Goal of the exercise> Restate every record exactly, with nothing skipped.

Dataset records>

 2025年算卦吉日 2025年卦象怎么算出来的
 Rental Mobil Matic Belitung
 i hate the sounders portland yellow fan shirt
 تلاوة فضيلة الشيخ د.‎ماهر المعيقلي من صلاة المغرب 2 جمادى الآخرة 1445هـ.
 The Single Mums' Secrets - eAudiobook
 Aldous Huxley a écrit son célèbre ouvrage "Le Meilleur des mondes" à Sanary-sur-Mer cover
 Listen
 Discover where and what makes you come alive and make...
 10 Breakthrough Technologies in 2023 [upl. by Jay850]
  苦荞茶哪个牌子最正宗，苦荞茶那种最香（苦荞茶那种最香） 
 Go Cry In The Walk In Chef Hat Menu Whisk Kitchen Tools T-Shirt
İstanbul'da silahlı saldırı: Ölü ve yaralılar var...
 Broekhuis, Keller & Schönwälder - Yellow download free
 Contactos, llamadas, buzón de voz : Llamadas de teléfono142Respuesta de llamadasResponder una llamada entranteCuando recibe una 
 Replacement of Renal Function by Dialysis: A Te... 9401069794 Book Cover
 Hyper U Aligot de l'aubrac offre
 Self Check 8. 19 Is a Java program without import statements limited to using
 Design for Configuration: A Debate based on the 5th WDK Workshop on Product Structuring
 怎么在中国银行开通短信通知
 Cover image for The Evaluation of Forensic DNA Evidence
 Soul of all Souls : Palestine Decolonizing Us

Expected answer>
 2025年算卦吉日 2025年卦象怎么算出来的
 Rental Mobil Matic Belitung
 i hate the sounders portland yellow fan shirt
 تلاوة فضيلة الشيخ د.‎ماهر المعيقلي من صلاة المغرب 2 جمادى الآخرة 1445هـ.
 The Single Mums' Secrets - eAudiobook
 Aldous Huxley a écrit son célèbre ouvrage "Le Meilleur des mondes" à Sanary-sur-Mer cover
 Listen
 Discover where and what makes you come alive and make...
 10 Breakthrough Technologies in 2023 [upl. by Jay850]
  苦荞茶哪个牌子最正宗，苦荞茶那种最香（苦荞茶那种最香） 
 Go Cry In The Walk In Chef Hat Menu Whisk Kitchen Tools T-Shirt
İstanbul'da silahlı saldırı: Ölü ve yaralılar var...
 Broekhuis, Keller & Schönwälder - Yellow download free
 Contactos, llamadas, buzón de voz : Llamadas de teléfono142Respuesta de llamadasResponder una llamada entranteCuando recibe una 
 Replacement of Renal Function by Dialysis: A Te... 9401069794 Book Cover
 Hyper U Aligot de l'aubrac offre
 Self Check 8. 19 Is a Java program without import statements limited to using
 Design for Configuration: A Debate based on the 5th WDK Workshop on Product Structuring
 怎么在中国银行开通短信通知
 Cover image for The Evaluation of Forensic DNA Evidence
 Soul of all Souls : Palestine Decolonizing Us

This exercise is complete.